Liberals and conservatives have access to the same information, yet they hold wildly incompatible views on issues ranging from global warming to sexual diversity. 

These things do not make sense — unless you view them through the lens of political psychology. There’s now a large body of evidence showing that those who opt for the political left and those who opt for the political right tend to process information in divergent ways and to differ on any number of psychological traits; and Rabinowitz added the irrefutable physiological dimension to the debate.  It was not so much a question of psychological variables, but neuro-chemical destiny.

'I always knew they were fruitcakes', said P. John Haynsworth. Haynsworth had been criticized by many of his Yale classmates for his conservative views and, surprisingly for an environment supposedly reasoned, logical, and temperate, he was attacked in what were feverish and almost unprintable hateful screeds submitted for publication in the Yale Alumni Magazine. 

The Rabinowitz article of course did not remain within privileged academic circles, but was reprinted and widely circulated through the popular medium.  'WE KNEW IT ALL ALONG' was the banner headline of conservative New York Post while The Nation, New York Review of Books, The New Yorker, and The Atlantic yelled foul, demanded a retraction by JAMA, the dismissal of Rabinowitz, and the burying of any or all references to the study. 

Hopkins and The JAMA stuck by their guns and praised Rabinowitz for his groundbreaking discoveries enabled by meticulously ethical and professional investigation. 

Yale alumni aside, once the report circulated outside of the narrow confines of elite readership, the howls of delight from Trump supporters were loud and exuberant.  Their man had been the subject of rabid attacks for over ten years, and the longer he remained a popular public figure, the harsher and more irrational they became - The Rabinowitz Theory proven again and again - political hysteria feeds on itself, and is a viral agent that permanently distorts normal cognition. 

If there were any doubters, a thousand incensed, enraged students at Hopkins and Georgetown stormed the administrative offices and demanded Rabinowitz's immediate firing.  The demonstrations were even more wild and damaging than the recent anti-Israel protests on the Columbia campus.
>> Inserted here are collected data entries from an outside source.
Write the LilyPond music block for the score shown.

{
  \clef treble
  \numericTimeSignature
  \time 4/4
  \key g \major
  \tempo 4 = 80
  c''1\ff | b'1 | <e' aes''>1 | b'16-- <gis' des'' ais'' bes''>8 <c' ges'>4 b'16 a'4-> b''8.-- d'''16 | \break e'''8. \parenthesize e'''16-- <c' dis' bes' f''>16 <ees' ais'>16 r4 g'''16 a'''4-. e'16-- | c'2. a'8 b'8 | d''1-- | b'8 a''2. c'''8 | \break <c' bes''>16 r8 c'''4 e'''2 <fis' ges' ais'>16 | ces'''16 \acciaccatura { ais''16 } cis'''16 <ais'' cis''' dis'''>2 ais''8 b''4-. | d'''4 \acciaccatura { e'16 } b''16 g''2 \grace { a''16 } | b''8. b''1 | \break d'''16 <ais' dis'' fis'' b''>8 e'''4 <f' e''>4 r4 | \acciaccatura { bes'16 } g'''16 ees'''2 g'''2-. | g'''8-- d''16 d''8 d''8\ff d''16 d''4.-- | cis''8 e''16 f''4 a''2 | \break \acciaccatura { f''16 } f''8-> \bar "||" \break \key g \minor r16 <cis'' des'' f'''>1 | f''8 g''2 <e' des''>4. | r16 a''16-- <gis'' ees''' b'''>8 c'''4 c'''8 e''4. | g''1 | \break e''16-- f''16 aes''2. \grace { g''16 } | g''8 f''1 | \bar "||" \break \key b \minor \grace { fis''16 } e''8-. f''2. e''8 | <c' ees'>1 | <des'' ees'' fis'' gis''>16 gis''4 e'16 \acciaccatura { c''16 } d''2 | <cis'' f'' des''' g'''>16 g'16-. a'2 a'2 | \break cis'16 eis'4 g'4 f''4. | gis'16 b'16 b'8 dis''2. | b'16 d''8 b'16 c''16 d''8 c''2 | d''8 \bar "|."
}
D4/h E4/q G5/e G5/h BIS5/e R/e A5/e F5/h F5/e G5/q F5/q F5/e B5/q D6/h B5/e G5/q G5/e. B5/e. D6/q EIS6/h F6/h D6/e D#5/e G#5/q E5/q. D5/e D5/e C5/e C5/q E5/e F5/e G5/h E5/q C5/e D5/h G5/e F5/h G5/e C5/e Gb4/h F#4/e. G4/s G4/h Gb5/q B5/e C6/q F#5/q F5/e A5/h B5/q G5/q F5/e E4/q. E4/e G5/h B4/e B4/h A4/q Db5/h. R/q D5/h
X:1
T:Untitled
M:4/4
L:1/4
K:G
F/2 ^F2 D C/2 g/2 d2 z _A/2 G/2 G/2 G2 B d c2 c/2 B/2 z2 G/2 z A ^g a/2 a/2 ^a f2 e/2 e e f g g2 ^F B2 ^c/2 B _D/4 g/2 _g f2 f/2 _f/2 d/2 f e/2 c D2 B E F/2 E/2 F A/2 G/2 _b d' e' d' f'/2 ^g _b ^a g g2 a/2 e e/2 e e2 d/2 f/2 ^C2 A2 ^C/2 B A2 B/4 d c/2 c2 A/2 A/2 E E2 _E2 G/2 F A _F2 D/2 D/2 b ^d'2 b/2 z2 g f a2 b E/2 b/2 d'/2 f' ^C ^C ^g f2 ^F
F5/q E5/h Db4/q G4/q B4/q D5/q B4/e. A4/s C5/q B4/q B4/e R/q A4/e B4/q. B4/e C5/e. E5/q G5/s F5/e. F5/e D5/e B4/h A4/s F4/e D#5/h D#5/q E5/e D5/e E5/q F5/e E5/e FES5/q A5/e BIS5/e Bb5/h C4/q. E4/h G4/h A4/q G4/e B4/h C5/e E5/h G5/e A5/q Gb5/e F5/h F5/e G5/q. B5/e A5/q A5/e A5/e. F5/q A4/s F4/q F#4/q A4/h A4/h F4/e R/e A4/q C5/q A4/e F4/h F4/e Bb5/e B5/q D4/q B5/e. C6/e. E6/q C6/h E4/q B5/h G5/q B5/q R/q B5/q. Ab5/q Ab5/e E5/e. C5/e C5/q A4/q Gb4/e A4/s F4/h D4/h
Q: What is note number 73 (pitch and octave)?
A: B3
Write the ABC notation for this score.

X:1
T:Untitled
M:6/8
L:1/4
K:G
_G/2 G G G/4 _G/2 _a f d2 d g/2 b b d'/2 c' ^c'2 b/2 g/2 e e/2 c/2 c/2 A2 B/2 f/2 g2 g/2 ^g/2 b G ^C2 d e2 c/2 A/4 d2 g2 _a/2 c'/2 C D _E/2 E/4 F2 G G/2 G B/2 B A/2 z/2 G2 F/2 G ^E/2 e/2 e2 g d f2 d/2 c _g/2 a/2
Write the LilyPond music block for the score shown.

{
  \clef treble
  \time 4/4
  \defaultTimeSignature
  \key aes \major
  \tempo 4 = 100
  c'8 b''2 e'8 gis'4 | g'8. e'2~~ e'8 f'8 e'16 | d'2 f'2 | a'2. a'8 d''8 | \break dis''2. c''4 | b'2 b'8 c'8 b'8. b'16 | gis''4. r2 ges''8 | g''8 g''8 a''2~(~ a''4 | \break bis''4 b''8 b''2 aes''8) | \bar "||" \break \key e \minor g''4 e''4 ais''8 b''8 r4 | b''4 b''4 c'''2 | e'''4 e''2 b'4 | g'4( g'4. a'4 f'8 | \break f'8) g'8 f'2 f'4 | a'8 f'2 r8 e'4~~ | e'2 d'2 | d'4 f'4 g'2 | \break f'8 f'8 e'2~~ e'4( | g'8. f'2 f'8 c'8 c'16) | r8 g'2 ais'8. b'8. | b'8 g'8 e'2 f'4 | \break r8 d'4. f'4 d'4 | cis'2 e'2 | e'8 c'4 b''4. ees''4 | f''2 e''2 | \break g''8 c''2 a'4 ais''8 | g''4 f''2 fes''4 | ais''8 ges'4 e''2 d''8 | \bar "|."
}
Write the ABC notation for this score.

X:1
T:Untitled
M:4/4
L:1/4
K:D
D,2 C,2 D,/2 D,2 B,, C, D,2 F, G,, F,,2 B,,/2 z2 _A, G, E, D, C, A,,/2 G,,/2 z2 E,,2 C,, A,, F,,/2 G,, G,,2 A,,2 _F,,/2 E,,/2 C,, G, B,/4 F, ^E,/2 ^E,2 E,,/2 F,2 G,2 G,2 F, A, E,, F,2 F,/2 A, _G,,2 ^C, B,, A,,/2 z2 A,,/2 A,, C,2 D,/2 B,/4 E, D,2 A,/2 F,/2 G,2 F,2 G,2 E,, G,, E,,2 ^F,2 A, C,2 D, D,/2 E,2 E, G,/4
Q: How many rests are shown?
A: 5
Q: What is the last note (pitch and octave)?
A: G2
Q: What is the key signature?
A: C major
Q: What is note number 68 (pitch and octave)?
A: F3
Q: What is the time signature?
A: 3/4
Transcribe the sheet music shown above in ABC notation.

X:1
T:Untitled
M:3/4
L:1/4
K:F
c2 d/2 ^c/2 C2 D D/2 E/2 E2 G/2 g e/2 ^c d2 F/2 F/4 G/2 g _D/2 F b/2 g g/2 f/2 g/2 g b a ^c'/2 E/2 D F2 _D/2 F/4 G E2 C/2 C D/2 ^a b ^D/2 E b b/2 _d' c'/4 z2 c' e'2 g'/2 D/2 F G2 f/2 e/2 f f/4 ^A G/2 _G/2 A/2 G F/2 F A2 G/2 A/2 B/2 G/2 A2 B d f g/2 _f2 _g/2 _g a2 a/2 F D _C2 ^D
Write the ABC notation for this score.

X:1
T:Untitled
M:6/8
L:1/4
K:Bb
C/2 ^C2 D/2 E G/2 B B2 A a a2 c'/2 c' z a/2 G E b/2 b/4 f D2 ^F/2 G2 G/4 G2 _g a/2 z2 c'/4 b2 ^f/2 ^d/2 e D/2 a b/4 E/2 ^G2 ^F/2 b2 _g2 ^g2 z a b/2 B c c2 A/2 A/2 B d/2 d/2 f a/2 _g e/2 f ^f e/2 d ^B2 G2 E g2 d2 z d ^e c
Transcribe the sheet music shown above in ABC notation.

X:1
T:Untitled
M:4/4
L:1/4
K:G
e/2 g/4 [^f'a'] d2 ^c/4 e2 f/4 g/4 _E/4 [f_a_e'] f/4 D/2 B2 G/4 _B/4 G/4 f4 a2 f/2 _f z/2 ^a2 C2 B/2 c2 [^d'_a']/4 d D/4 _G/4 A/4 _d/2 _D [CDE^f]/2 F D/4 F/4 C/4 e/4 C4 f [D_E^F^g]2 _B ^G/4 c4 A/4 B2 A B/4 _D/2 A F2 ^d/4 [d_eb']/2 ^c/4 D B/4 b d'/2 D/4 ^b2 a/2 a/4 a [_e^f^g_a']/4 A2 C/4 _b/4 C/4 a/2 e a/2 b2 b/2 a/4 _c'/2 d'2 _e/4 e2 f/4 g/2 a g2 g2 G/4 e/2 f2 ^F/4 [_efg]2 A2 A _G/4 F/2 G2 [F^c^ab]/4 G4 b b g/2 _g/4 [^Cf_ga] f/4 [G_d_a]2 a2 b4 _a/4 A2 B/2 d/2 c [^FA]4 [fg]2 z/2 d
They were not only 'agitated' but violent. 

'They can't help it', said one mild-mannered, well-meaning professor at Harvard medical school. Supporting his colleague Rabinowitz, he said 'Biology trumps psychology', and for that was properly dunned and demands for his dismissal were as loud as that in Baltimore and Washington. 

Dr. Rabinowitz has weathered the storm, and has gone on to investigate the phenomenon further, has confirmed his initial findings again and again, and has written additional papers all in the public record.  He continues on in his tenured enclave but intends to retire in a few years after a long and distinguished career.